Day: May 30, 2013

An Open Letter To Senzeni Zokwana – President of the National Union of Mineworkers

Dear Comrade,

I hear you are demanding pay rises of around 60% from gold and coal producers. This is ridiculous. What on earth are you thinking? You need to demand increases of at least 150%. This is no time to show weakness.

If negotiations aren’t going your way, change your strategy. When management baulks at your demands, don’t threaten to strike and walk out. Rather identify the alpha male in the management pack, climb quickly across the table and bite him firmly on the ear. Don’t let go, even when people try to hose you down. Emitting a low growl will send a message that you are not to be trifled with. After a few minutes, the CEO will stop resisting and go limp. You may now release your grip and continue negotiations. I think you will find management far more amenable to your demands.

I see you’re having a spot of bother with these Amcu interlopers. What a damned nerve they have, recruiting mineworkers by promising them the world and then failing to deliver. That’s been your job for years.

I’m a bit confused about something. Calling for unions to co-exist peacefully, Mineral Resource Minister Susan Shabangu said, “The NUM is not the enemy of Amcu and Amcu should not be the enemy of NUM.”

It must be rather nice for the union to have its own spokesperson in the cabinet, but doesn’t this confuse the workers? After all, governments are traditionally the enemy of labour movements. Then again, your mother, Cosatu, is sleeping with the enemy, so maybe it does make sense.

Shabangu also said unions had a common class enemy in “monopoly capital”. I’m a gibbering idiot when it comes to finance, but without monopoly capital, wouldn’t the mining industry collapse faster than a shop steward in a shebeen on payday?

Anyway. I don’t know what your members have got to complain about. Winter is almost here and while most of us have to go to work and freeze our giblets off, your people spend their days in cosy underground tunnels. They are even allowed to take their shirts off at work. If I had to try that, I’d be torn apart by the ladies in the accounts department.

You need to cut your losses, my friend.

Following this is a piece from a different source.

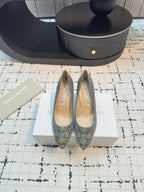 Hangisi 70 Silver Glitter Fabric Leather Jewel Buckle Pumps 912614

Lonmin has fallen to Amcu. You need to march on Mordor (Impala Platinum) and Isengard (Billiton) and dig in. Take the Orcs of Solidarity with you, if you can. They are smarter than they look.

I hear AngloGold Ashanti will no longer be paying your R1.4-million a year salary. What a shame. I’m sure you will agree that the only real conflict of interest in this novel arrangement arose when you had to decide whether a savings or money market account gave the best returns.

Anyway. You don’t need money. You’re a communist. Act appropriately.

An Open Letter To The African Union

Dear AU,

Congratulation on turning 50! You’ve come a long way without actually going anywhere.

You’ve gone through quite a few changes, too. I remember when you were the Organisation of African Unity. Like so many youngsters, you fell in with the wrong crowd as soon as you were old enough to let go of your colonial coattails.

I remember you hanging out with lovable rogues like Mobutu Sese Seko, Muammar Gaddafi, Idi Amin and Haile Selassie, who was a step up from the rest because he at least invented reggae music and smoked weed. You certainly earned the right to be known as the Dictators’ Club.

You changed your name to the African Union in 2002, presumably after realising that African unity was, like, the biggest pie you ever saw in the sky. There isn’t even a family on this continent, let alone a government, that has managed to achieve unity. When Gaddafi started blabbing on about being the president of the United States of Africa, you had to hire the Americans to put him down. Unity is heavily overrated. Look at Europe. I got a call last night from Brussels begging me to lend money to Spain.

Like me, as you get older, you’re moving a bit slower with each passing year. When that scuffle broke out in Mali last year, it took forever before you tried to do anything about it. I expect you’ll be addressing the Mau Mau rebellion at any moment.

Now that you’re officially middle-aged, you will probably find that you start forgetting things. Like who co-founded you. “Thabo who?” I hear you say. You must be relieved that there is no more talk of the African Renaissance. Like a freshly peeled mango, it was a concept that many of your members found hard to grasp.

I see your foreign ministers have backed a request by Kenya for the International Criminal Court to stop badgering their president. Crimes against humanity aren’t what they used to be. In the good old days, you would have to murder half your population to get that kind of attention. Now you turn a blind eye to a spot of post-electoral pushing and slapping and it’s off to The Hague for you.

Nearly half of the 20 most corrupt countries in the world are African. This is excellent news. All of them might have been African. This is real progress.

The quality of leadership is also improving. Our own president, for instance, makes Barack Obama look like a swivel-eyed illiterate. As for Robert Mugabe, well, there is no finer example of the perfect democrat.

Best of luck in spending the next 50 years searching for African solutions to African problems. Self-sharpening machetes would be a good place to start.